Here is the subtle part — and the single most common confusion when people first read this code. Input(data_model=Question) does not create a Question object. It creates a symbolic placeholder that stands for "a Question value that will arrive here later." When you then call the generator on this placeholder, no LM call happens. You are not running the pipeline; you are drawing it. Synalinks records an edge in an internal graph saying "the generator will receive whatever flows into this placeholder."

The LM only runs later, when you call program(Question(question="...")) with a real Question. Compare it to ordinary Python: writing def f(x): return x + 1 defines a function but does not add anything; only f(3) actually computes. Construction and execution are two separate steps, and confusing them will make the code look magical when it is not.

flowchart LR
    Q["Question (symbolic Input)"] --> G["Generator(data_model=Answer)"]
    G --> A["Answer (symbolic output)"]
    A --> P["Program(inputs=Q, outputs=A)"]

End-to-End Example

import asyncio
from dotenv import load_dotenv
import synalinks

class Question(synalinks.DataModel):
    question: str = synalinks.Field(description="The question to answer")

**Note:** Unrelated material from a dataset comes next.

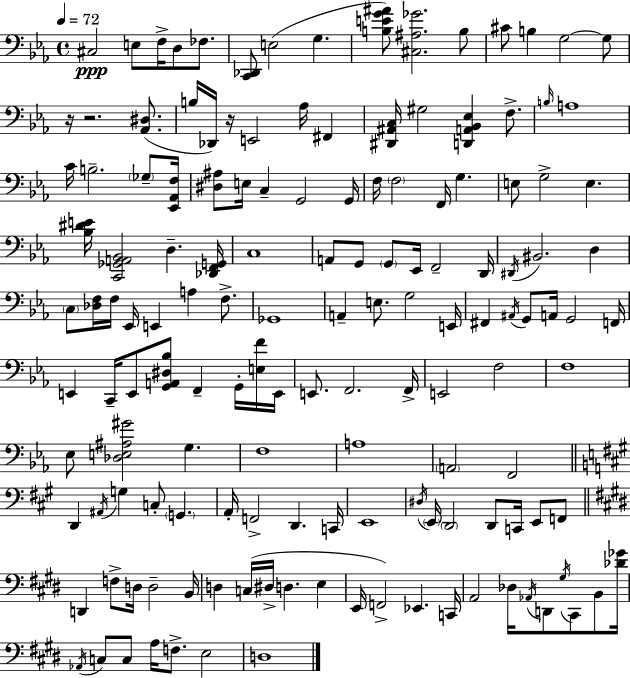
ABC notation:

class Answer(synalinks.DataModel):
    thinking: str = synalinks.Field(description="Your step-by-step reasoning process")
    answer: str = synalinks.Field(description="The final answer based on your reasoning")

async def main():
    load_dotenv()
    synalinks.clear_session()

    language_model = synalinks.LanguageModel(model="ollama/mistral:latest")

    inputs = synalinks.Input(data_model=Question)
    outputs = await synalinks.Generator(
        data_model=Answer,
        language_model=language_model,
    )(inputs)

    program = synalinks.Program(
        inputs=inputs,
        outputs=outputs,
        name="qa_program",
        description="A simple question-answering program",
    )

    result = await program(Question(question="What is the capital of France?"))
    print(f"Thinking: {result['thinking']}")
    print(f"Answer: {result['answer']}")

if __name__ == "__main__":
    asyncio.run(main())

A representative run against ollama/mistral:latest might print:

Thinking: France has multiple capitals depending on the region
Answer: Paris

Look closely: the answer field is reliably Paris, but the thinking field varies from run to run, and sometimes it is factually wrong (France does not actually have multiple capitals) even when the answer it produces is right. That is the LM speaking, not the framework. Synalinks guarantees the shape of the output, not its truth. Making the model more truthful is the job of techniques we meet later — optimizers, rewards, and retrieval. For now, celebrate that the shape worked: result["answer"] will always be a string, never None, never a paragraph with the answer buried in the middle.

A Detail That Bites People: `clear_session`

When you create a module without giving it a name, Synalinks invents one for you — generator_1, generator_2, and so on, counted off a counter that lives for the lifetime of the Python process. In a Jupyter notebook, where you re-run cells without restarting the kernel, that counter just keeps growing. Each re-run produces different module names, and since those names appear in saved programs, log files, and traces, the same code can produce different artifacts on different days.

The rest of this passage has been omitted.